• REQUIREMENT: In the records that follow, find the line with "garage with a"; from there, retype every line exactly through the line with "One of the rooms", which also belongs to the answer.

• INFORMATION PROVIDED:
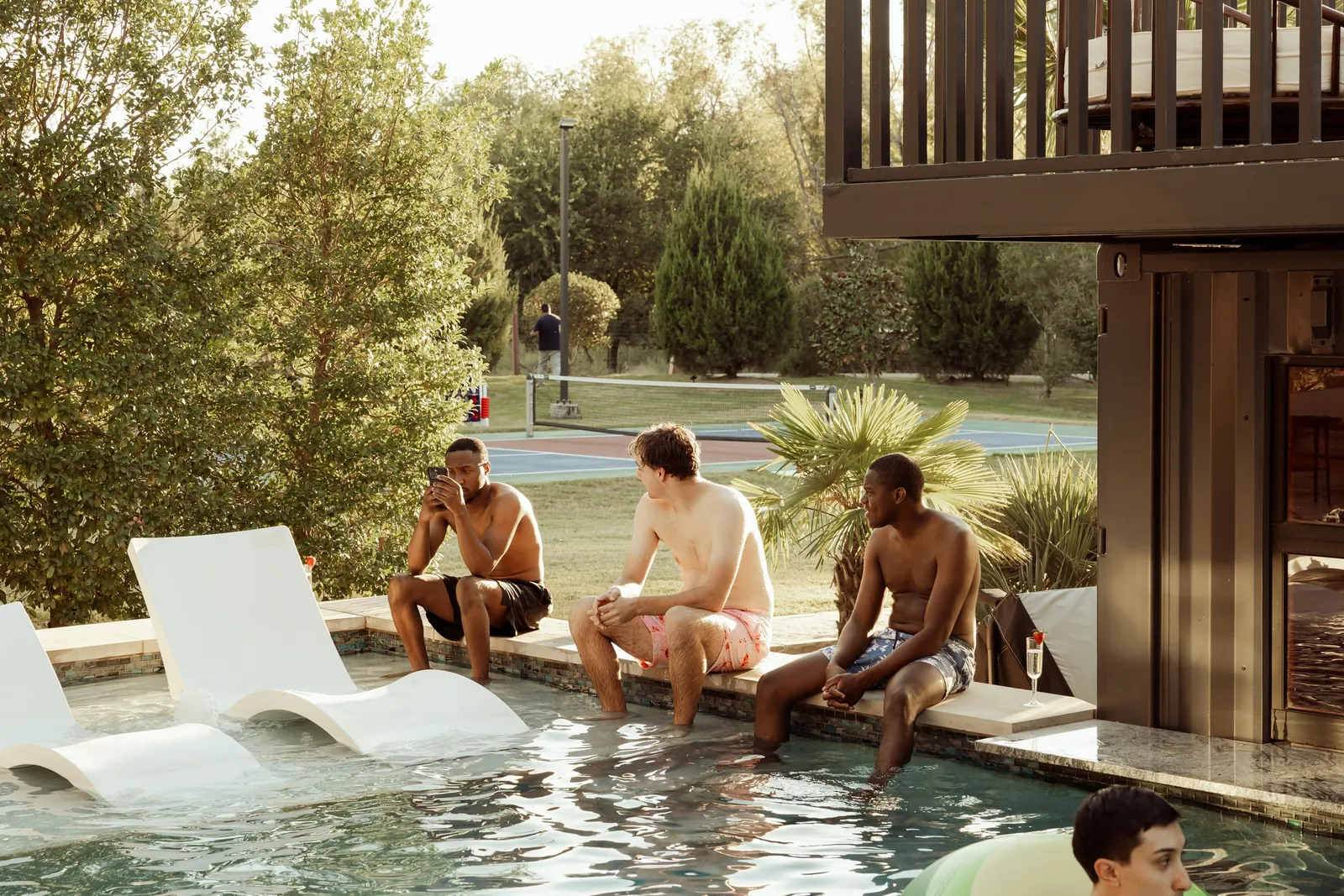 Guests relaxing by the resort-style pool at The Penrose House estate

==

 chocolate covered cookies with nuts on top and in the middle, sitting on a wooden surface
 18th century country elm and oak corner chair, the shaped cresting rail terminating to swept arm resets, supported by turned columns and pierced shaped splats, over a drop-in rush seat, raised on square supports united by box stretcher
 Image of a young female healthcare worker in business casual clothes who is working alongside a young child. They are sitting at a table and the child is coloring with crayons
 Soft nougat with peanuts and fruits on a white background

==

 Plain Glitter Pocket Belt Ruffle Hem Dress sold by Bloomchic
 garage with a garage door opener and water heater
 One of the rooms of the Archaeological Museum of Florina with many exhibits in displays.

• RESPONSE BOX:
 garage with a garage door opener and water heater
 One of the rooms of the Archaeological Museum of Florina with many exhibits in displays.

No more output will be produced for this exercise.